VIENNA - U.K. researchers have developed an accurate matching algorithm to deal with the gnarly problem of integrating prone and supine virtual colonoscopy datasets, according to a presentation at ECR 2013.
The time-consuming task must be completed for each virtual colonoscopy (also known as CT colonography, or CTC) exam with findings that require confirmation, but successful automation and some tweaks to speed up the process could improve radiologists' workflow.
The researchers tested their method by applying it to 17 CTC cases -- including several containing collapsed lumen segments -- and achieved a high fold-matching accuracy of 96%. The method significantly improved cylindrical registration as well, achieving a mean error of 6 mm from the actual location measured at 1,743 reference points.
"At an accuracy of 96.1%, the algorithm performs comparably to the human reader," said Dr. Thomas Hampshire, from the Centre for Medical Image Computing at University College London. "There is also a similar level of performance in fully connected cases in comparison to cases exhibiting one or more areas of luminal collapse."
CTC is a highly accurate technique for detecting colorectal polyps and cancer, and the acquisition of both prone and supine CT datasets allows the radiologist to distinguish between fixed colonic pathology and mobile fecal residue. However, doing this accurately requires matching the locations of polyp candidates on both prone and supine datasets, a task that can be difficult and time-consuming due to the significant deformations of the colon that occur when the patient moves from one position to the other during the scan.
The new technique differs from previous methods that were based on the colon centerline, which does not always work well in patients with collapsed lumen segments.
"Popular current tools are based on matching centerlines, whereas our method has the advantage of matching corresponding locations on the endoluminal colon surface," Hampshire explained.
With the new technique, locations of fold matches are superimposed on the unfolded prone image, along with the amount of displacement to the corresponding folds in the supine image. All images courtesy of Dr. Thomas Hampshire. |
How it works
"We can begin by mathematical simplification to unfold these rigid structures into a more simple 2D cylindrical form, and we can then find correspondence between these two cylinders by first extracting and matching haustral folds, and then refining the registration using an elementary shape index which is a measure of the surface shape," he said. Applying this index, polyps would have a value of about 1, versus about 0.75 for haustral folds.

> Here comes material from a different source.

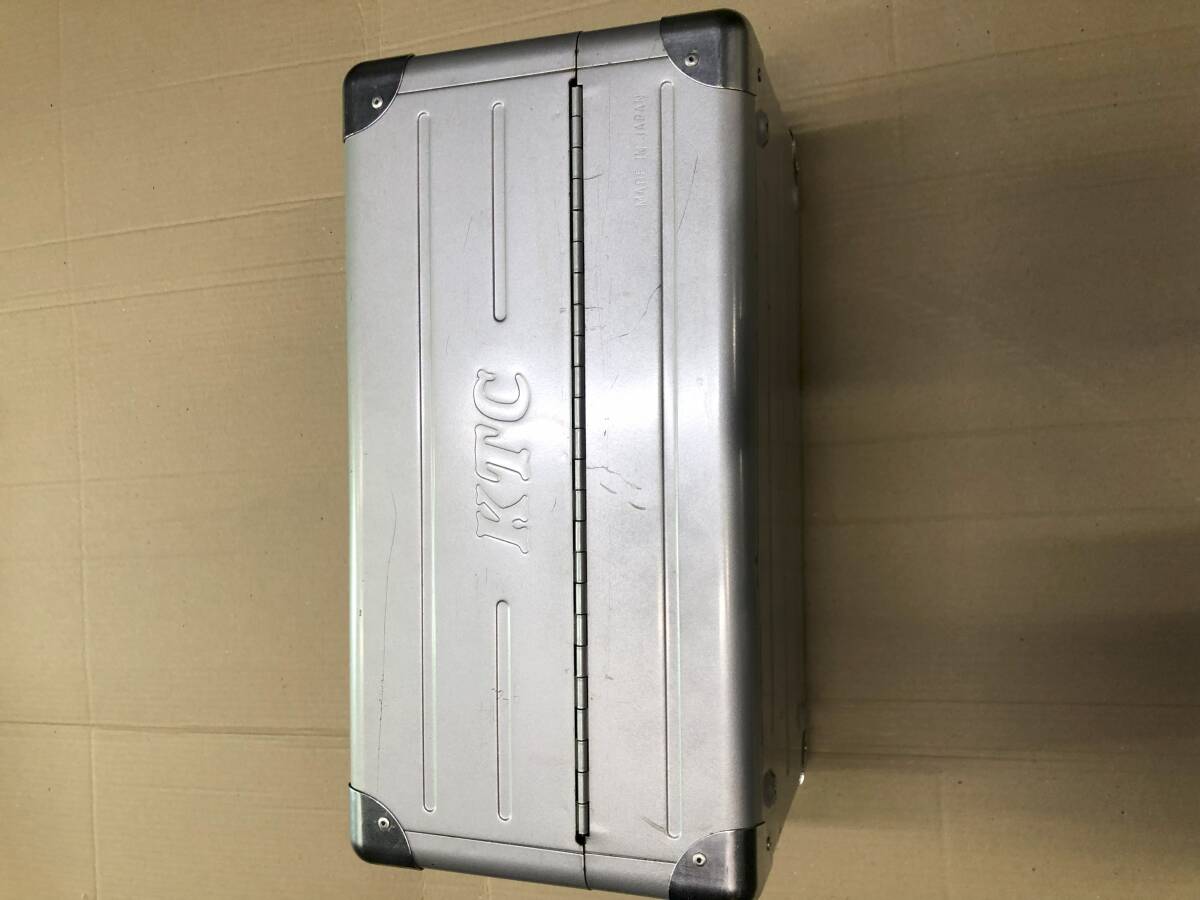中古　KTC 両開(kāi)きメタルケース ツールボックス 工具 ケース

Next, a segmentation scheme is applied over the colonic surface mesh, which results in a smooth labeling of the entire colonic surface as either a fold or nonfold, he said. Prone and supine positions can now be matched to a location on each dataset.

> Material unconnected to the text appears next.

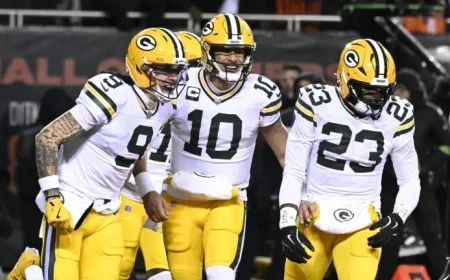 Packers Command First Half with 21-3 Lead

For efficient labeling of the folds, a unary cost function is applied to match the depth map data, one fold pair at a time, between the supine and prone positions. To accomplish this, virtual cameras are focused on the haustral folds to be matched, depth map images are rendered at each camera location, and then the camera positions are optimized so that the two datasets match each other more closely, Hampshire said.
An additional pair-wise function compares the geometric relationship between pairs of haustral folds in the prone and supine images, and a Markov random field is used to estimate the correct fold labeling. This process allows for landmark correspondence of positions in two views even when endoluminal collapses occur, which is common in clinical practice, he said.

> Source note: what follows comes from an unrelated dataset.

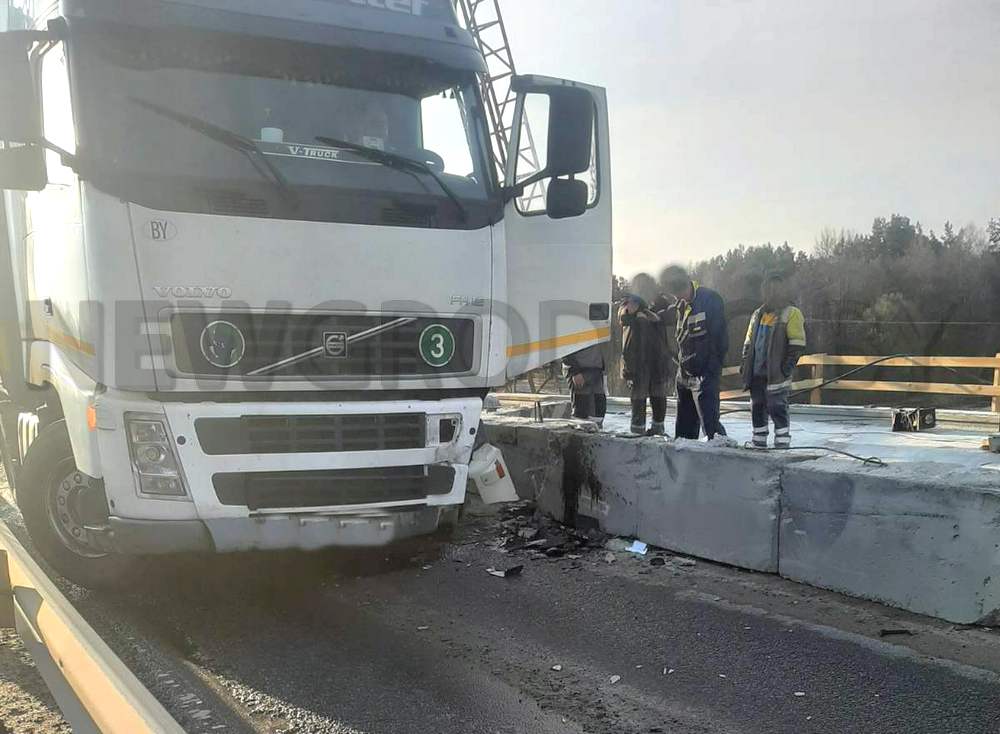 Небольшая авария на мосту через Неман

Using unfolded cylindrical representations of the colon surface, the prone image is then deformed to more closely match the supine image. A second intensity-based registration process then matches the fold locations more precisely.
Nearly equivalent to readers
To validate the method, Hampshire and colleagues compared the accuracy of the algorithm against known correspondences in the reference standard -- and against the accuracy of three individual readers against the reference standard. The algorithm accuracy was similar to the reader accuracy at 96.1%.
Finally, the group compared accuracy of registration over the entire length of the colon, using all 1,743 corresponding fold pairs contained in the reference standard. The results were slightly better for fully distended colons versus those containing collapsed segments, demonstrating a mean overall mean error of 6 mm.
Unfortunately, long processing times are a drawback of the method in its current research phase, Hampshire told AuntMinnie.com in an email. "We are currently working with research code which is in the region of a few hours" per dataset, he noted. "We are optimizing the entire pipeline over the next six months to develop a clinical prototype, and hope to get the processing time to 10 to 20 minutes so that it can fit into the clinical workflow."